# [WHAT YOU SHOULD DO]
Exactness is required throughout. Return every record once more.

# [SUPPLIED MATERIAL]

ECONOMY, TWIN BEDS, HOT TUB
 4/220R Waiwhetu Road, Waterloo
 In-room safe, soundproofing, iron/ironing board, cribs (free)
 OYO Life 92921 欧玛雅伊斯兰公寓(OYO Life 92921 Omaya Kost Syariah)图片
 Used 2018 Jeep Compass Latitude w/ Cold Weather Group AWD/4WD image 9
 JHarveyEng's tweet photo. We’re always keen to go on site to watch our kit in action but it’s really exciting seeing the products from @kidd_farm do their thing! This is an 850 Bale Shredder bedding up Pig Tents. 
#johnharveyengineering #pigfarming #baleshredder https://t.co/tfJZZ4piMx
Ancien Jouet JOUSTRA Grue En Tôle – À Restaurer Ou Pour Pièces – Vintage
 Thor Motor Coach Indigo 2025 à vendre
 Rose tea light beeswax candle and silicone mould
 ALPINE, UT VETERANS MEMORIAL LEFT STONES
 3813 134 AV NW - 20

# [RESPONSE AREA]
ECONOMY, TWIN BEDS, HOT TUB
 4/220R Waiwhetu Road, Waterloo
 In-room safe, soundproofing, iron/ironing board, cribs (free)
 OYO Life 92921 欧玛雅伊斯兰公寓(OYO Life 92921 Omaya Kost Syariah)图片
 Used 2018 Jeep Compass Latitude w/ Cold Weather Group AWD/4WD image 9
 JHarveyEng's tweet photo. We’re always keen to go on site to watch our kit in action but it’s really exciting seeing the products from @kidd_farm do their thing! This is an 850 Bale Shredder bedding up Pig Tents. 
#johnharveyengineering #pigfarming #baleshredder https://t.co/tfJZZ4piMx
Ancien Jouet JOUSTRA Grue En Tôle – À Restaurer Ou Pour Pièces – Vintage
 Thor Motor Coach Indigo 2025 à vendre
 Rose tea light beeswax candle and silicone mould
 ALPINE, UT VETERANS MEMORIAL LEFT STONES
 3813 134 AV NW - 20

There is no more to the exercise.